WHAT THE TASK REQUIRES — Make an exact copy of the listing underneath, skipping each picture.

EXERCISE INPUTS —
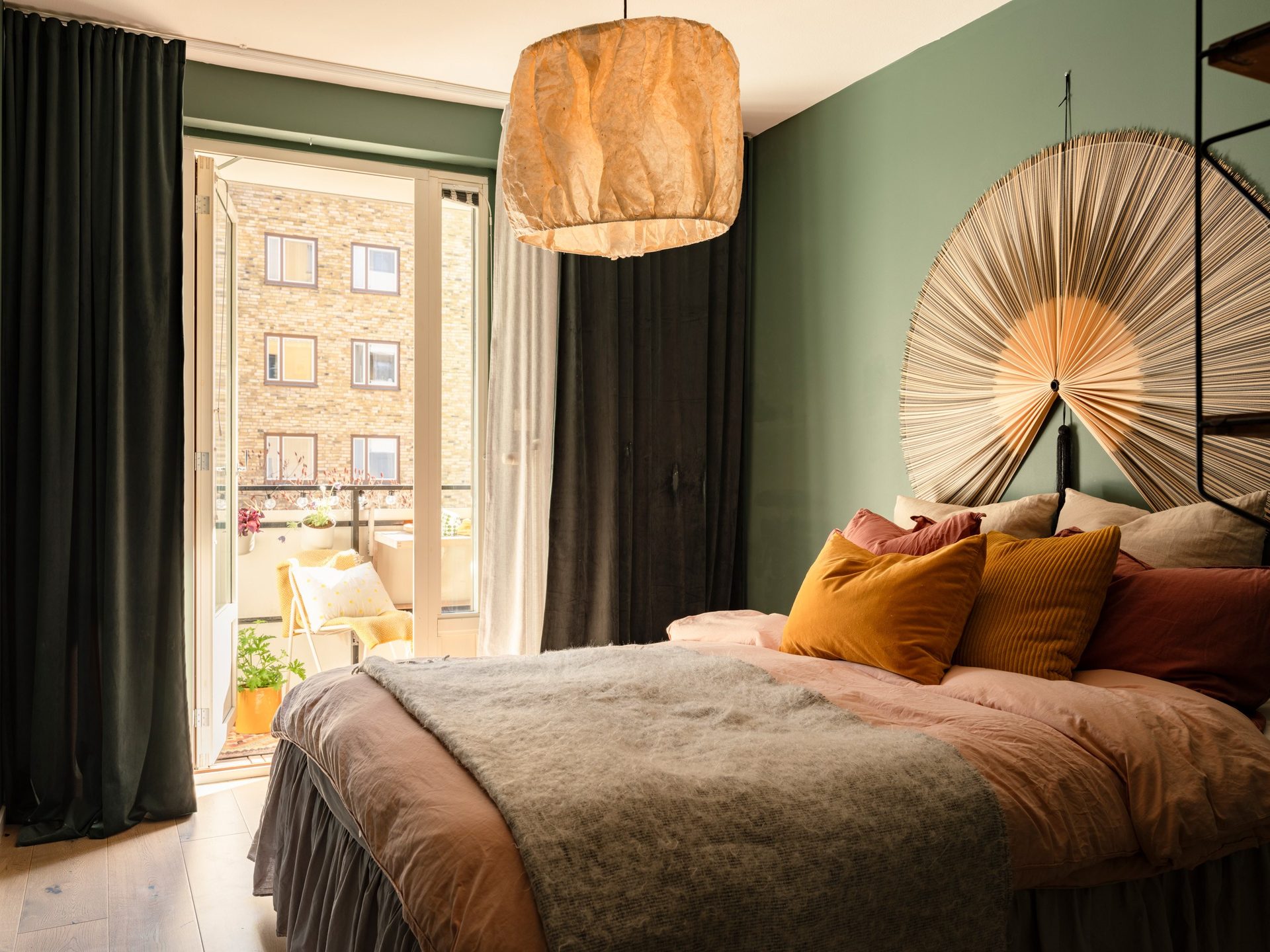 chambre avec balcon murs verts décoration scandinave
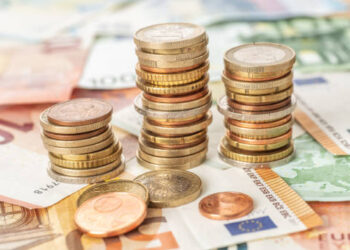 Bloomberg: Πέφτει το Euribor -Σταδιακή ανακούφιση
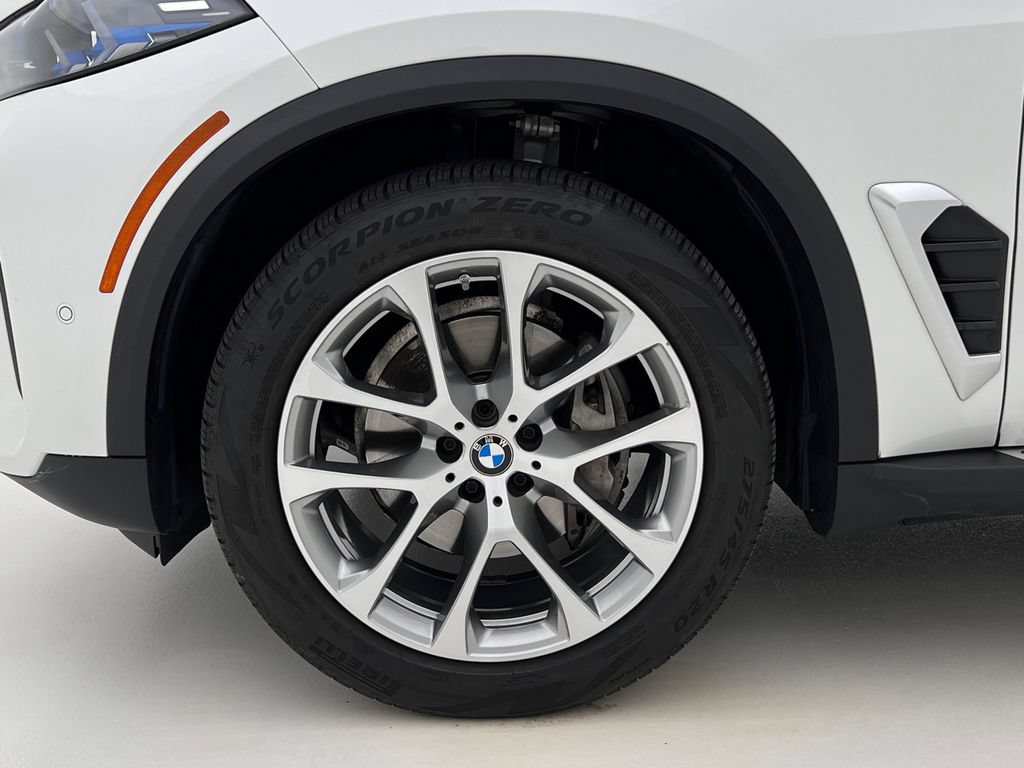 Used 2024 BMW X5 xDrive40i w/ Premium Package AWD/4WD image 27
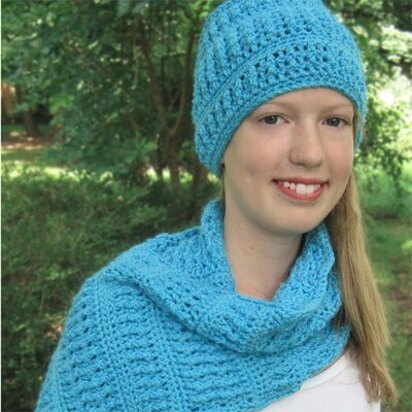 Hooked for Life Cushy Hat and Scarf Set PDF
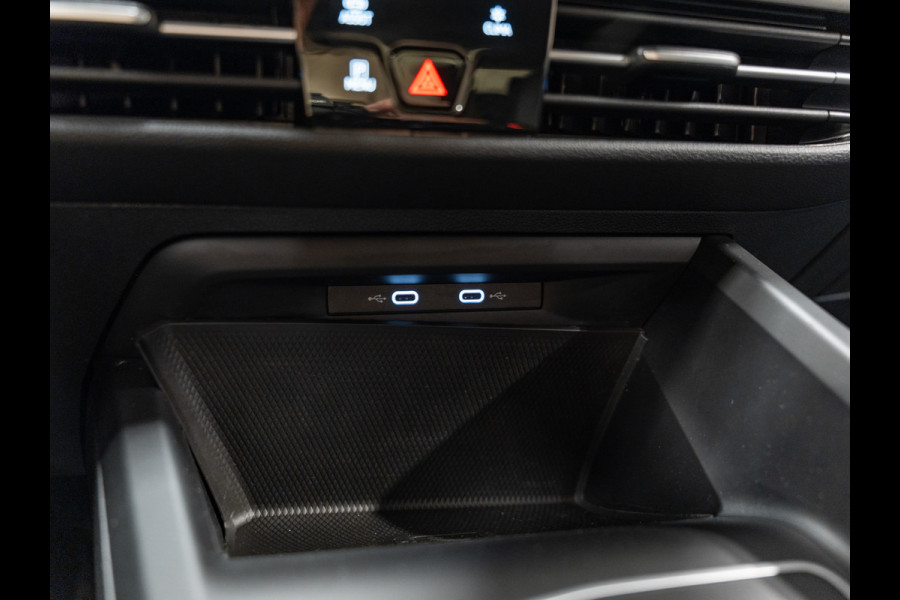 Volkswagen Golf 1.0 eTSI DSG Life Business, Apple Carplay, Android Auto, ACC, Ambiënte Light, Camera, PDC, Volledig onderhouden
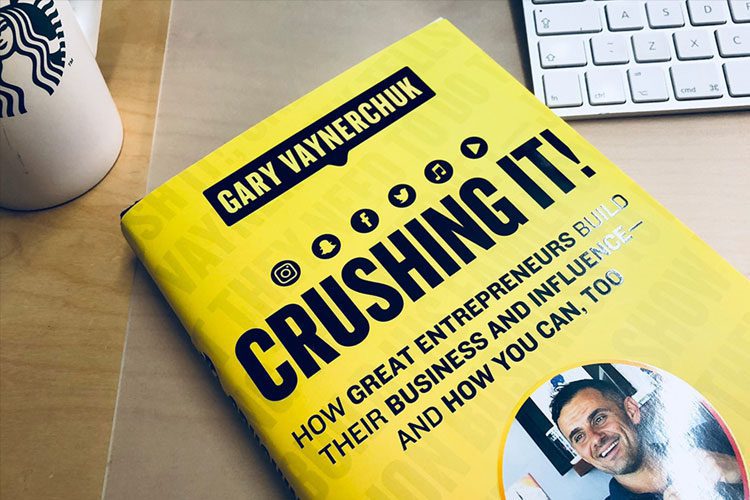 معرفی کتاب Crushing It، به‌دستش بیاور اثر گری واینر چاک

SOLVED PROBLEM —
 chambre avec balcon murs verts décoration scandinave
 Bloomberg: Πέφτει το Euribor -Σταδιακή ανακούφιση
 Used 2024 BMW X5 xDrive40i w/ Premium Package AWD/4WD image 27
 Hooked for Life Cushy Hat and Scarf Set PDF
 Volkswagen Golf 1.0 eTSI DSG Life Business, Apple Carplay, Android Auto, ACC, Ambiënte Light, Camera, PDC, Volledig onderhouden
 معرفی کتاب Crushing It، به‌دستش بیاور اثر گری واینر چاک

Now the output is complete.